SurfSaver has a number of unfortunate limitations that reduce its utility, but which should probably improve as it matures. First on this list is its instability. Because SurfSaver works intimately with the browser, its code must be tightly integrated. With browser versions being replaced faster than you can say Tim Berners-Lee, this is a difficult task. The current version,1.11, is designed to integrate with Internet Explorer 4.0x and Netscape Navigator 4.0 – 4.5. I tested SurfSaver with two versions of Netscape. I had no problems with 4.05, but 4.04 was more iffy. On several occasions, SurfSaver locked up Netscape; twice it crashed the PC and I had to reboot. AskSam offers a 30-day trial of SurfSaver before you buy. If you’re considering SurfSaver, use this trial period to make sure it works with your environment; test it thoroughly, especially for performance in the face of exceptions such as no hits.

A more fundamental limitation in SurfSaver is that although it does very well with plain vanilla HTML documents, and even works fine with frames, it does not properly handle other document types. This includes, for example, documents that do not comply with HTML but that browsers adapt to. For example, SEC filings downloaded from the SEC Edgar site are in SGML, not HTML. SurfSaver indexes and searches the full text, but the file is unusable because it is displayed in one long line of text. ASCII text files are subject to the same indignity. More curious was that I could save, search, but not display a number of other files that appear to be HTML, such as SEC documents on WhoWhere?Edgar. (These were completely blank when displayed.)

Nor can SurfSaver save or display non-HTML documents that browsers can display, such as Word or PDF files. And one cannot save documents that are on a secure or password-protected site (such as Westlaw or Wall Street Journal).

Product Deficiencies

There are a few Surfsaver features that need work.

  • There is no way to exit SurfSaver without exiting the browser.
  • Although you don’t need much Help, still, it’s annoying that the Help files and documentation are not available except when you first start it up.
  • Searching data within tables is not 100% accurate; sometimes it works and sometimes it doesn’t.
  • As discussed above, being able to set up sub-folders would significantly help the researcher organize and find files, as would the capability to independently display a list of Keywords used in each folder.
  • Finally, there is no option to highlight search terms, so you have to use your browser’s Find function.

Conclusion

If you do have problems running SurfSaver, expect the tech support to be very responsive.

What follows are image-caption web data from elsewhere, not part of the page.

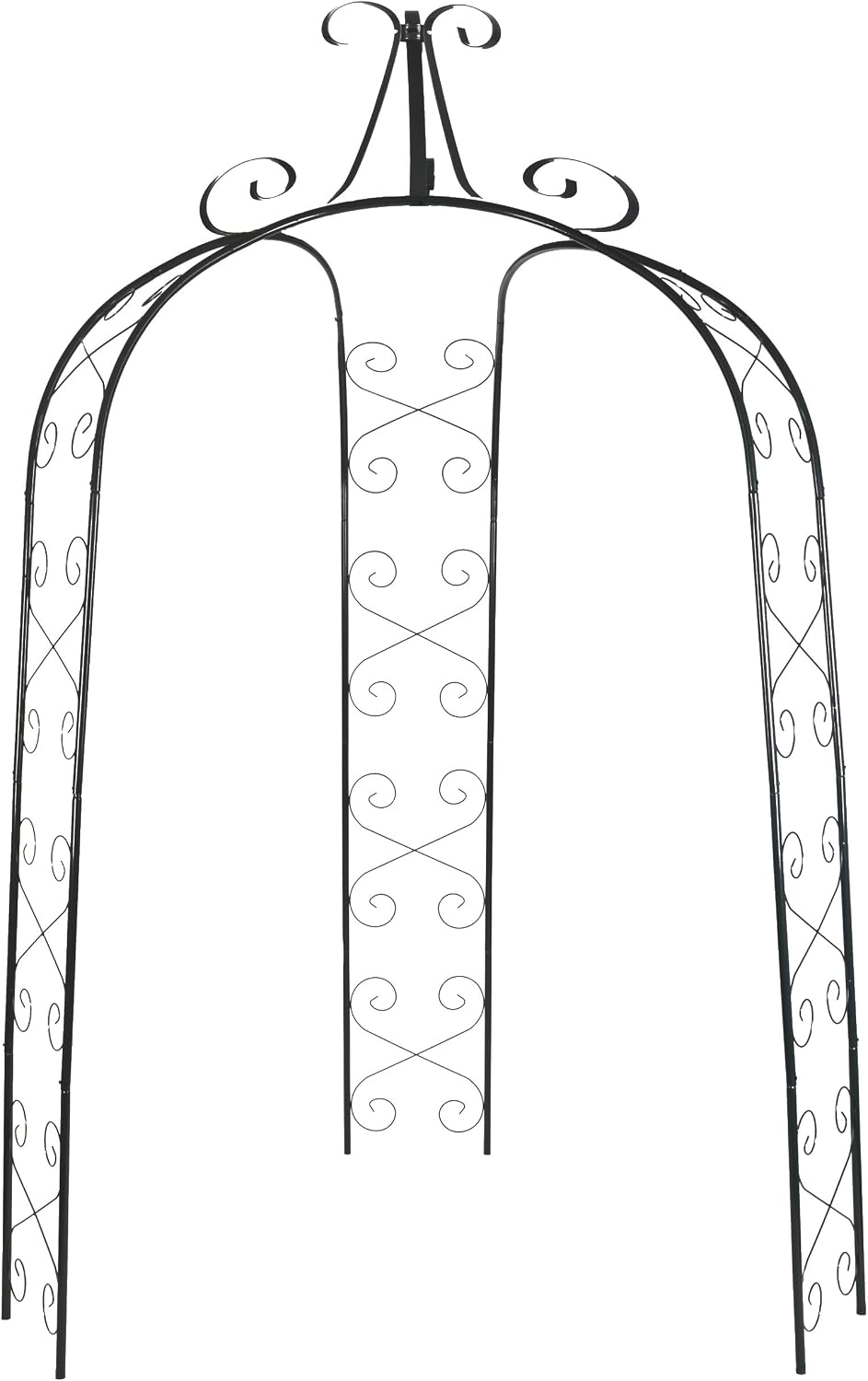 CobraCo 3-Sided 6 Ft. W x 7.5 Ft. D Pergola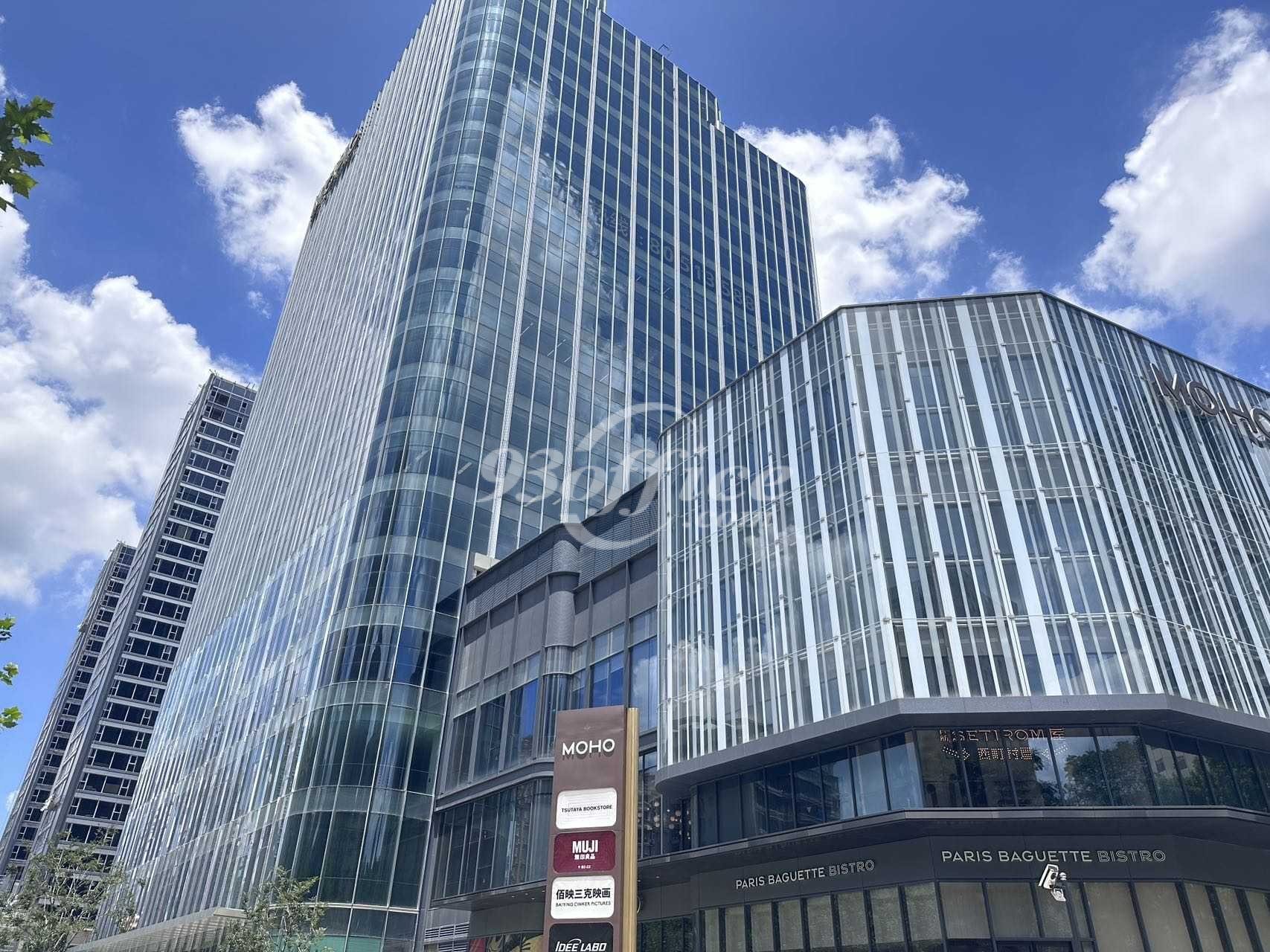 静安MOHO写字楼租赁-办公楼外立面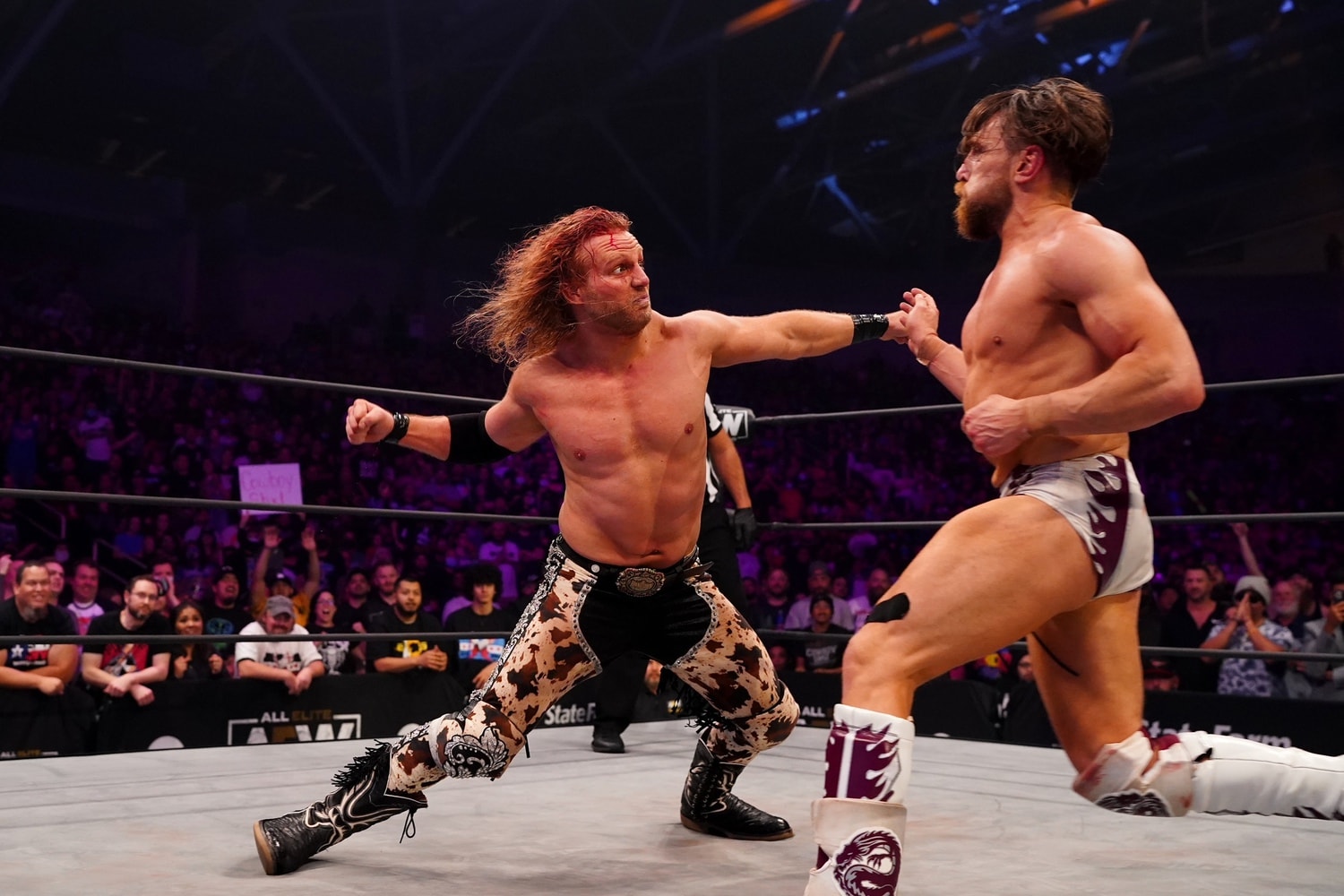 Arn Anderson: Bryan Danielson vs. Hangman Page was the best match I've seen in at least 25 years - Wrestling News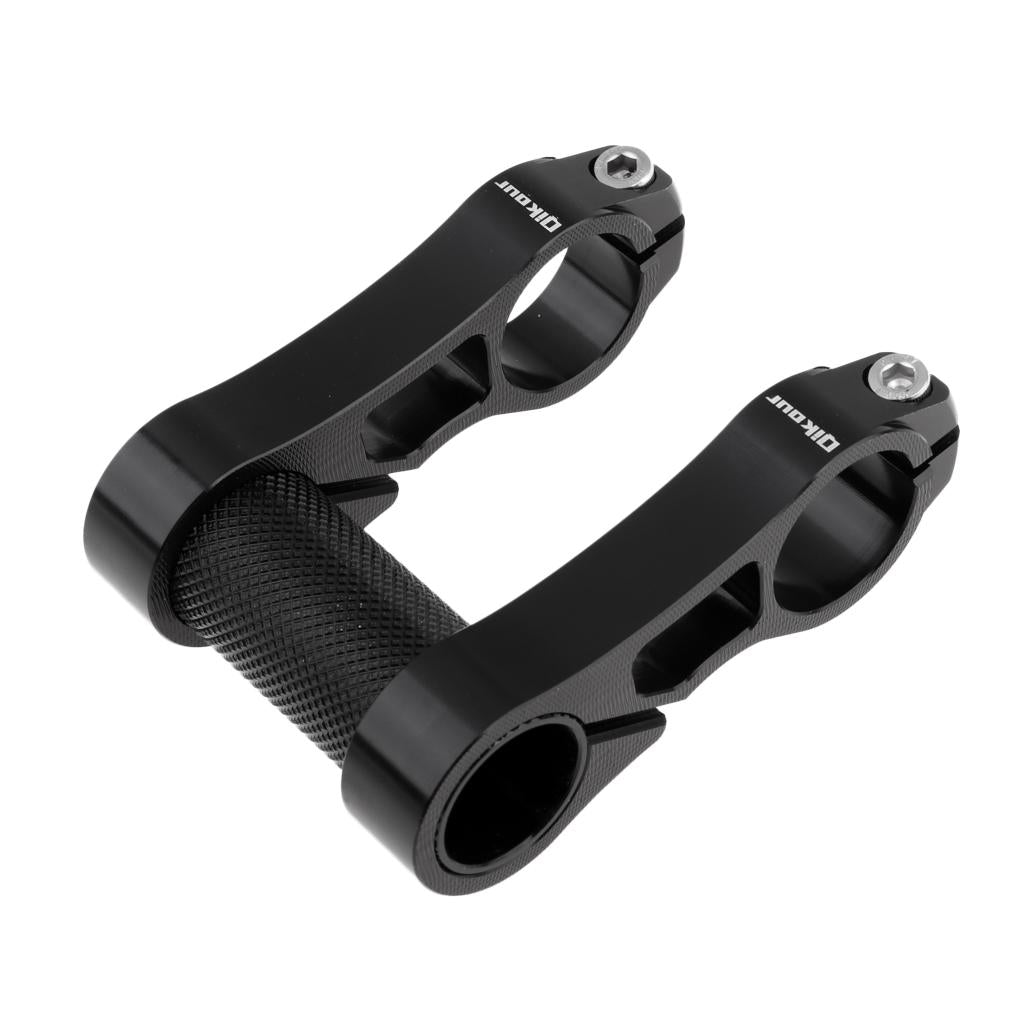 Maxbell Adjustable Folding Bike Bicycle Cycling Handlebar Extender Stem Mount Black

A real-live technician answered me via email within 3 hours.

If that kind of attention to the customer is representative of the askSam Systems approach, I suspect that the limitations I have noted here will be addressed and remedied to the extent technology permits. In the meantime, SurfSaver is still a very good tool for collecting, organizing and retrieving research on the Web. Its list price of $29.95 makes it a good value, and I recommend it with only a few reservations.